Clarence Thomas, ministro da Suprema Corte que avaliou o caso, concordou com o argumento inicial de que a conta do presidente era um fórum público administrado pelo presidente dos Estados Unidos e que, portanto, ele não poderia suprimir a fala ou críticas privadas que fossem feitas em resposta a suas postagens.
Entretanto, o juiz decidiu que esta sentença não faz mais sentido atualmente porque Trump não é mais presidente e, além disso, sua conta não existe mais dado que o ex-presidente havia sido excluído da plataforma por decisão unilateral da empresa, após a invasão do Capitólio no início deste ano.
Esse último fato ensejou que o juiz inserisse na sentença uma longa discussão sobre o papel das big techs na censura do debate público que pode servir de base para um debate mais amplo nos Estados Unidos.
“Parece um tanto estranho dizer que algo é um fórum governamental quando uma empresa privada tem autoridade irrestrita para eliminá-lo”, argumenta o juiz ao dar seu veredito, destacando as principais dificuldades jurídicas que envolvem as plataformas digitais.
A questão que se coloca é a seguinte: quem tem o poder real de suprimir o discurso online, o então presidente Trump, que excluiu alguns usuários de postar comentários em seu perfil, ou a empresa que o removeu permanentemente da plataforma e impediu que seus 89 milhões de seguidores pudessem acompanhá-lo? Como isso se encaixa dentro do ordenamento jurídico dos Estados Unidos dado pela Primeira Emenda?
O argumento de Clarence Thomas
O juiz argumenta que “se parte do problema é privado – o controle concentrado sobre o conteúdo online e as plataformas disponíveis ao público – parte da solução pode ser encontrada em doutrinas que limitam o direito de excluir de uma empresa privada”, citando a figura jurídica dos “common carriers” [veículos comuns], que são bens que servem ao público em geral, como linhas de trem e de telefone.
Além disso há jurisprudência semelhante que limita o “direito de excluir” de um ente privado nos EUA que rege locais de reunião, como restaurantes e parques de diversões.
Thomas indica como essa doutrina poderia ser aplicada às redes sociais, citando um caso da Suprema Corte em 1980 chamado PruneYard Shopping Center v.
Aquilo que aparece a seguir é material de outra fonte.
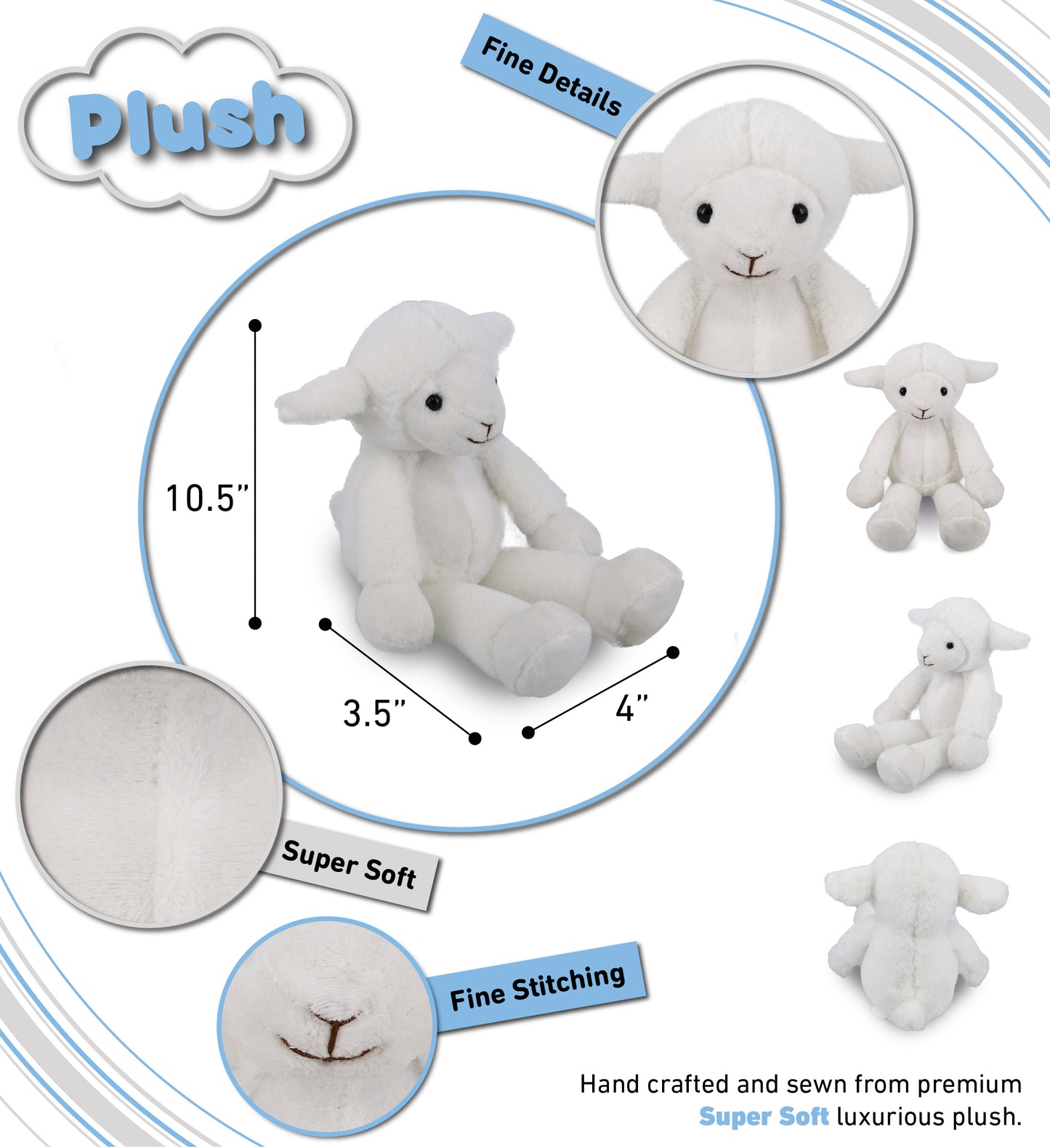 SUPER-SOFT PLUSH - LONG LEG LAMB 10.5"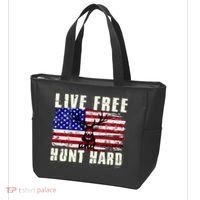 Live Free Hunt Hard Tote Bag thumb 3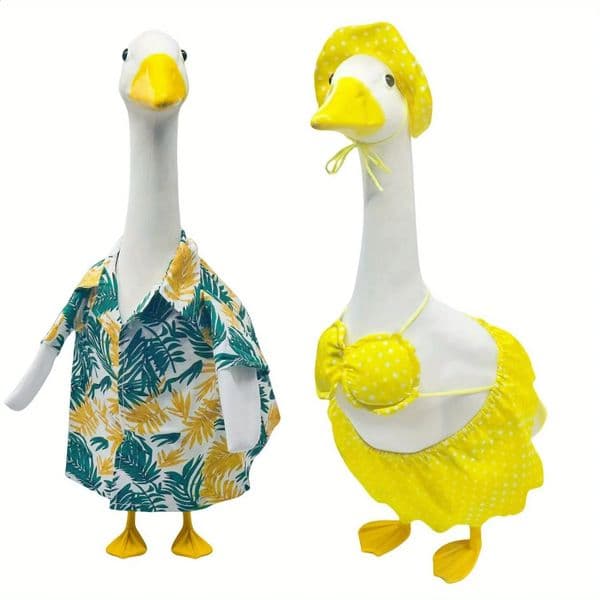 23 Inch Hawaiian Goose Outfit Bikini Porch Clothes Lawn Costume Dress for Home Yard Statue Holiday Summer Decor 250707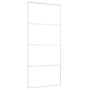 Puerta corredera ESG vidrio y aluminio blanca 90x205 cm de vidaXL, Puertas para el hogar - Ref: Foro24-151660, Precio: 162,89...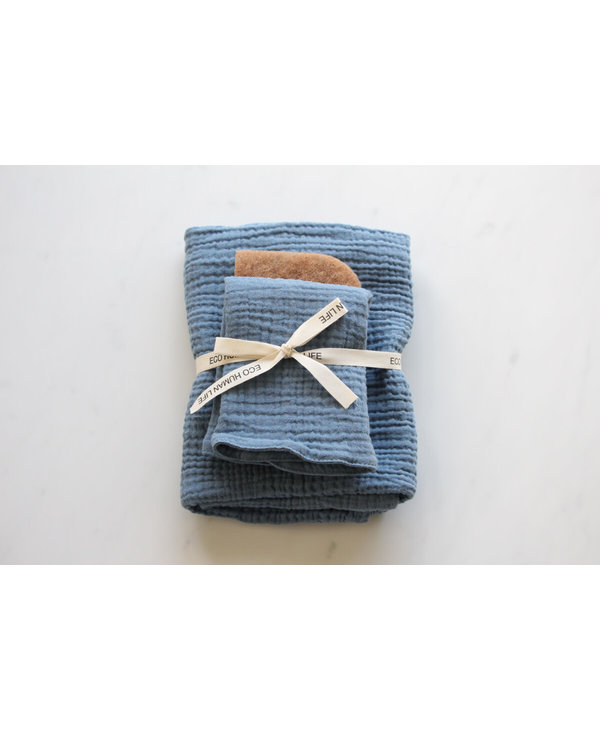 Tea Towel and Wash Cloth Set by Les Écolorés
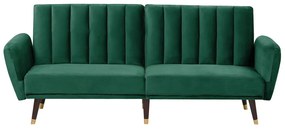 Smaragdzöld bársony kanapéágy VIMMERBY Beliani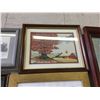 Image 5 : LOT OF FRAMED PIECES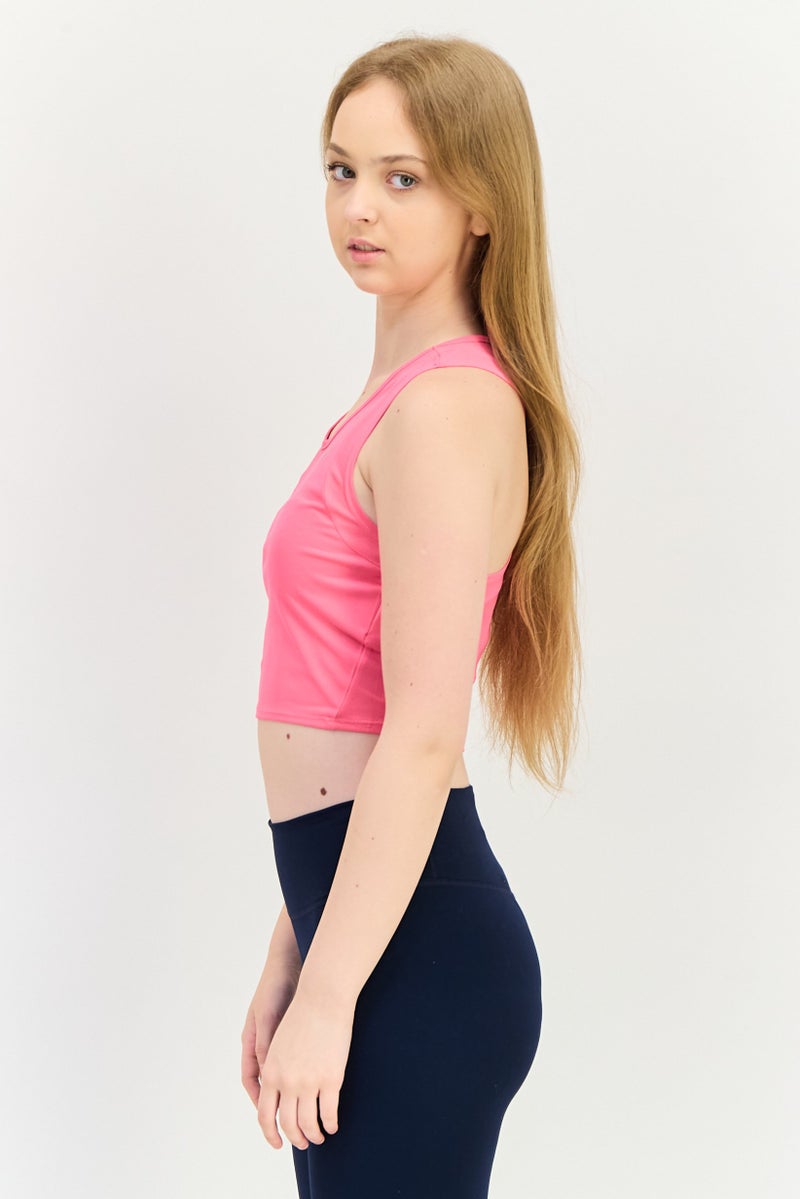 Nike Women Sportswear Fit Sleeveless Training Tank Top, Pink - Image 2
Robins.
Na ocasião, a Suprema Corte decidiu que a Califórnia poderia exigir que os shoppings privados permitissem que pessoas distribuíssem ordenadamente panfletos dentro de shoppings sem infringir os direitos de liberdade de expressão do próprio shopping. Isso porque ninguém acreditaria de forma razoável que o shopping endossa tudo que é distribuído dentro de seu estabelecimento.
Essa doutrina poderia ser expandida para os meios online, desde que o Congresso passe legislação específica.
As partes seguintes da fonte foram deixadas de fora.